Veterans, others commemorate anniversary of Pearl Harbor, which gave rise to the ‘Greatest Generation’

Dozens of veterans and members of the community gather at Tonaquint Cemetery to commemorate the day Pearl Harbor was attacked, St. George, Utah, Dec 7, 2018 | Photo by Andrew Pinckney, St. George News

ST. GEORGE —  It was a chilly morning Friday but dozens of hearts were filled with warmth and honor at the annual ceremony commemorating the attack on Pearl Harbor 77 years ago. Many in attendance said it was the largest turnout in years.

Dozens of veterans and members of the community gather at Tonaquint Cemetery to commemorate the day Pearl Harbor was attacked, St. George, Utah, Dec 7, 2018 | Photo by Andrew Pinckney, St. George News

At precisely 10:48 a.m. the exact moment planes from the Empire of Japan attacked the U.S. naval fleet at 7:48 local time in Hawaii, a large crowd gathered at Tonaquint Cemetery to honor veterans and the brave souls who lost their lives that fateful day on Dec. 7, 1941. It was a turning point in the history of our nation that President Franklin D. Roosevelt characterized as “a date which will live in infamy.”
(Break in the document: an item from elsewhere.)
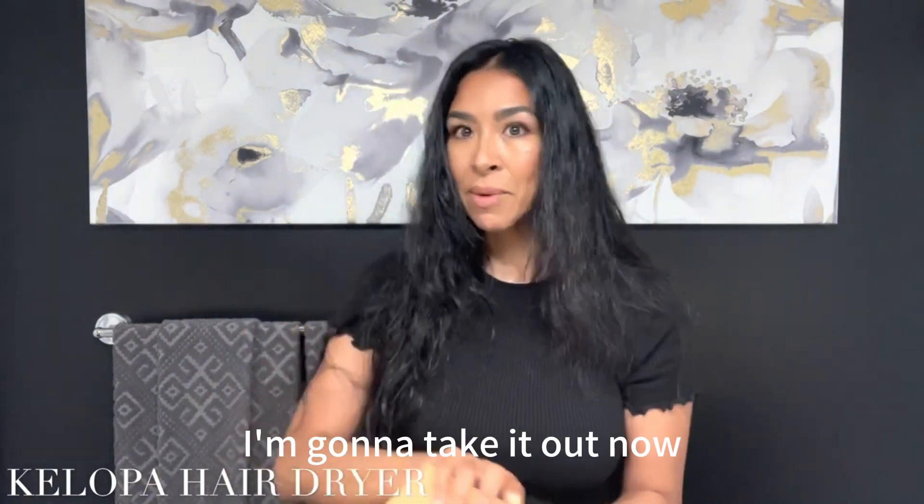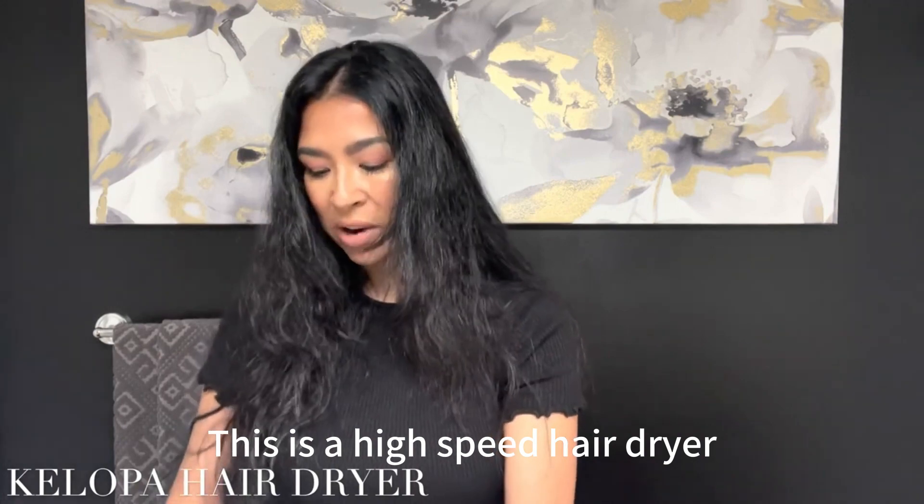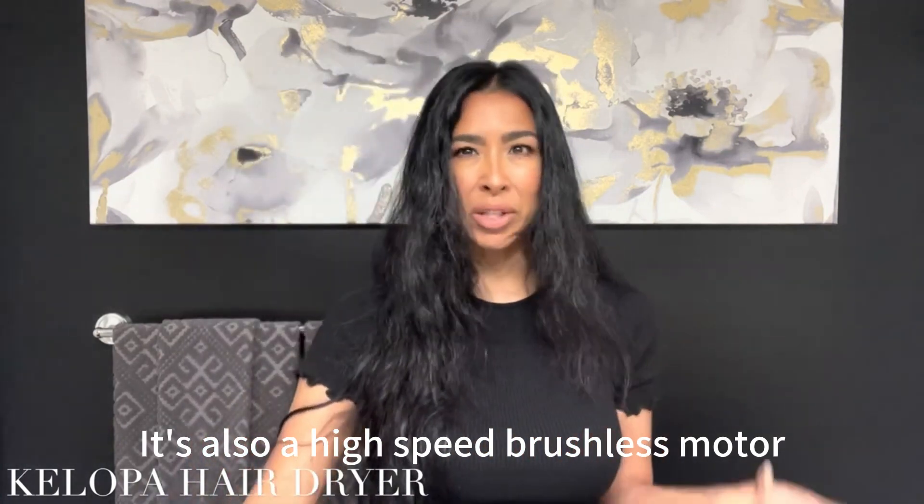The Kelopa hairdryer — I'm gonna take it out now. This is a high-speed hairdryer. It's also a high-speed brushless motor.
This year’s ceremony was a silent commemoration and was especially poignant following the loss of John Endicott, Southern Utah’s last known survivor of the attack who died in March.
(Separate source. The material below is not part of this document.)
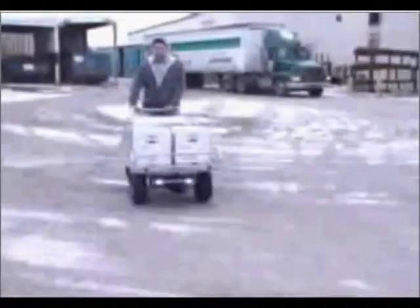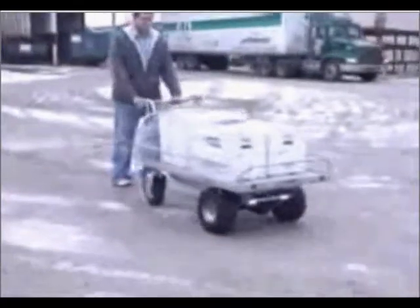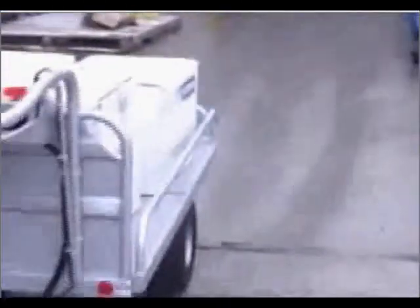Don't let rough or rocky terrain get in your way when you need to move materials. Our off-road traction drive powered cart is designed to make these tasks easier on the operator and more efficient for your company. Ask us about one today.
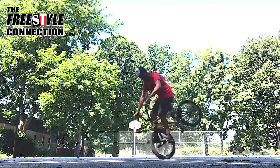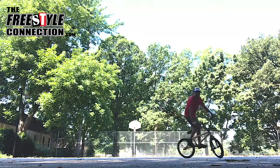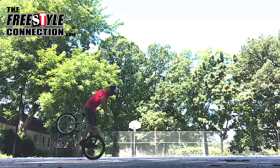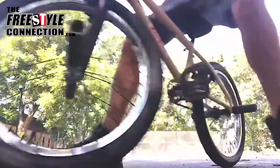You can see I got my weight over the front tire — and drop it, pedal away. Let's try that in slow-mo.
Veterans from around Washington County surrounded the flagpoles at the Veterans Memorial as honored guests from each branch of service joined for a wreath presentation.
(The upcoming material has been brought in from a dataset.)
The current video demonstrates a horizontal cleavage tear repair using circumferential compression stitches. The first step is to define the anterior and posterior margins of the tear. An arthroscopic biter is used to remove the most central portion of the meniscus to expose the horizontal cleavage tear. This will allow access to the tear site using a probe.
Flanked by American flags presented by the Patriot Guard riders, the community prepared for a prayer, a moment of silence and raising the flags.

For American Legion bugler Ed Jones, it’s something important for him to do every year.

Jones first joined the Legion in 1974 but left the organization for many years. He rejoined four years ago after moving to the area. One day he told his wife he was going to rejoin and play bugle again, and he said he has enjoyed every moment since, averaging around 130 events a year.

Dozens of veterans and members of the community gather at Tonaquint Cemetery to commemorate the day Pearl Harbor was attacked, St. George, Utah, Dec 7, 2018 | Photo by Andrew Pinckney, St. George News

“Somebody’s going to do it for me someday, so I might as well do it for somebody else,” Jones said.

He played “To the Colors” as the flags were raised and “Taps” as the American flag was lowered to half-staff.

“It’s an honor to do it,” he said.

In a press release before the event, Marti Bigbie, commander of the American Legion Lester Keate Post 90, who has presided over the ceremony for the past three years, said it is imperative for Americans to remember the events of that day and how the American response to the attack changed the course of world history.

It was a sentiment echoed by Bill Fortune, public relations officer for Utah Dixie Detachment 1270 Marine Corps League, who was just three months old at the time of the attack.

Fortune told St. George News he has been lucky enough to have served with a few of the survivors from Pearl Harbor throughout his years of service with the Marines and said it was a great honor to meet them.

Fortune’s family has a tradition serving in the military dating back almost 200 years, and now he has a granddaughter that joined the Marines and will begin serving at Parris Island in 2019. Beaming with pride, he said it is important to keep the younger generations informed and educated about events like this because it is part of all our heritage.

“This was the beginning of the great generation. This is where they started,” Fortune said. “They didn’t know they were the greatest generation until they stepped up.”

Those who survived were not merely veterans of battle but were survivors who foreshadowed the grit and character that embodied U.S. service members of the greatest generation. Service and sacrifice were demonstrated over the next 44 months of war as the fate of the free world hung in the balance.

Bravery was in abundance the morning of Dec. 7, 1944: 15 Medals of Honor were later awarded, as were 51 Navy Crosses and 53 Silver Star medals. Americans managed to destroy 29 enemy aircraft, damage 29 others and sink or beach five mini-subs that day.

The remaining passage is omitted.